Around the world, many argue the dollar is losing its shine, but it remains the currency that drives trade, settles debt and secures investor trust. For a country like Bangladesh, which buys far more than it sells, keeping a steady flow of dollars is still vital. The question is: why now, and why so aggressively?
To make sense of this, it helps to look back a few years. During the Covid period, Bangladesh recorded strong remittances and export earnings, but the exchange rate was held almost fixed. It seemed stable at the time, but when the Ukraine war began and global prices surged, both importers and exporters suddenly lost purchasing power. Loans sanctioned in Taka could buy far less, forcing businesses to cut production and slow operations. That is one of the key reasons the economy is still struggling to regain momentum. Had the Taka been allowed to appreciate slightly back then, the country might have entered this global crisis with stronger reserves and a little more room to manoeuvre.
The Bangladesh Bank appears to have learned that lesson. By buying dollars now, it is rebuilding the emergency tank. Strong reserves mean the country can pay for fuel, medicine and food without panic if global markets turn volatile again. This time, the central bank is letting the dollar price reflect supply and demand rather than holding it down artificially. That is a significant shift, one many economists had urged for years.
There is another side. When the central bank buys dollars, the supply in the market falls. That raises the price of the dollar in Taka terms, frustrating importers but rewarding exporters and remittance earners. Migrant workers are more likely to send money through banks when their families get more Taka per dollar.
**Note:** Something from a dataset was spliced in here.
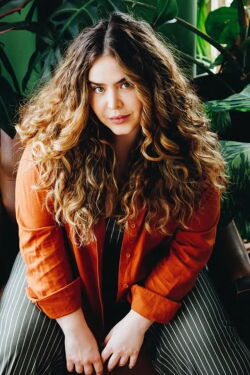 Lolla Tavares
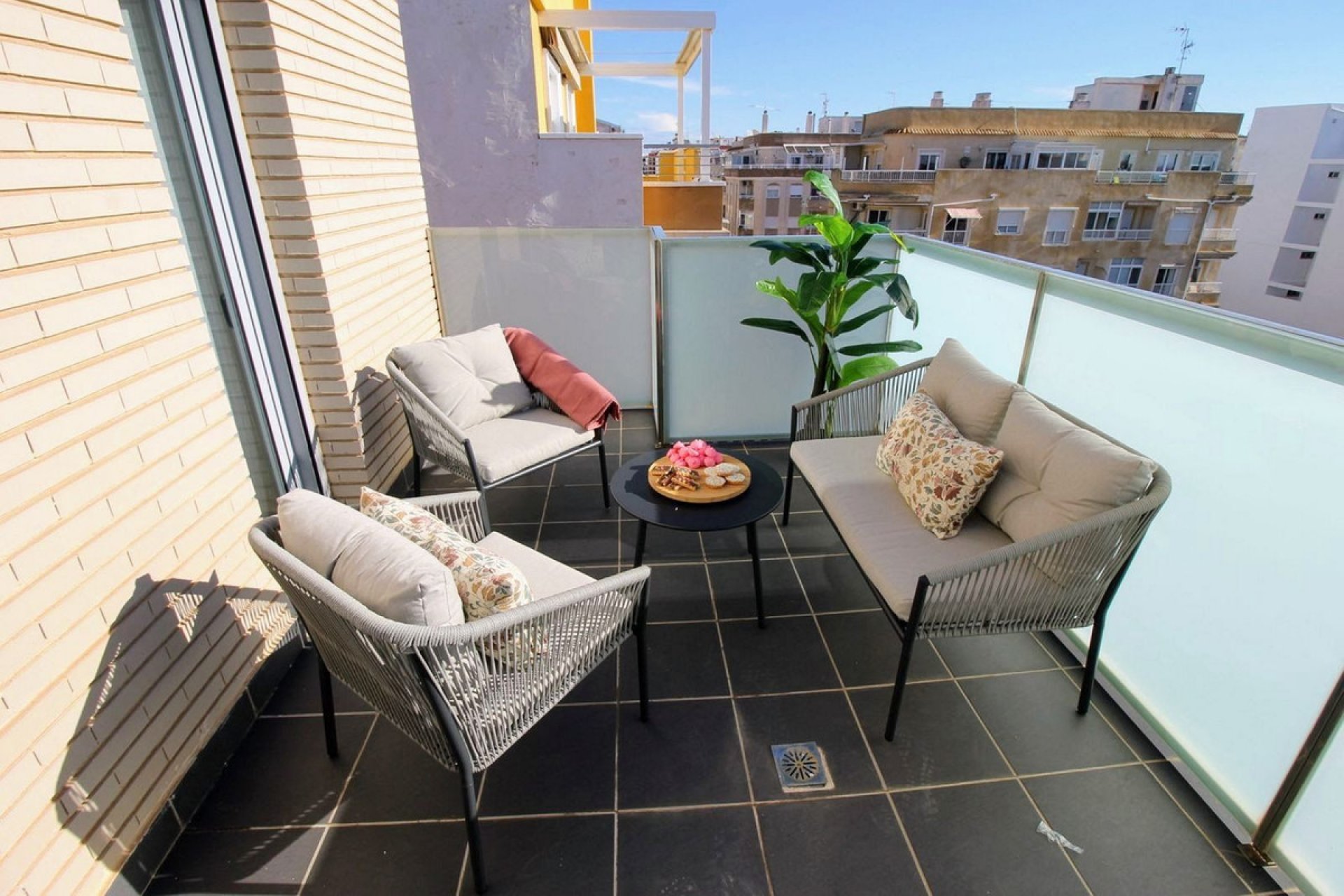 Használt ingatlanok - Apartman / lakás -
Torrevieja - Torrevieja Centro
Exporters also repatriate earnings more quickly when the rate is attractive. Over time, this steady flow of dollars can make the market more balanced and predictable. Higher returns in local currency also make Bangladesh more appealing to foreign investors seeking competitive gains, which could attract more FDI.
None of this makes life easier for ordinary people right now. Inflation remains high, groceries and utilities are costly, and each trip to the bazaar feels heavier on the pocket. A stronger Taka could have provided some relief by lowering import prices, but policymakers seem willing to accept that pain as a calculated trade-off. They are relying on tools such as tighter credit, import prioritisation and price monitoring to bring inflation down gradually, while using this exchange rate policy to strengthen reserves. If the mix works, Bangladesh could emerge with a more stable currency and stronger financial footing.
Credit is due where it belongs. The central bank has opened the market for the dollar and allowed supply and demand to set the rate. This has made the exchange rate more transparent and signalled that the country is ready for a more market-driven approach. The cost is that families are carrying a heavier burden today. But if people see this hardship as part of a bigger plan leading to a stronger economy, they may be willing to endure it. Done right, this could mark the beginning of a more resilient Bangladesh, better prepared for the next shock and ready to attract investment, create jobs and grow with confidence in the years ahead.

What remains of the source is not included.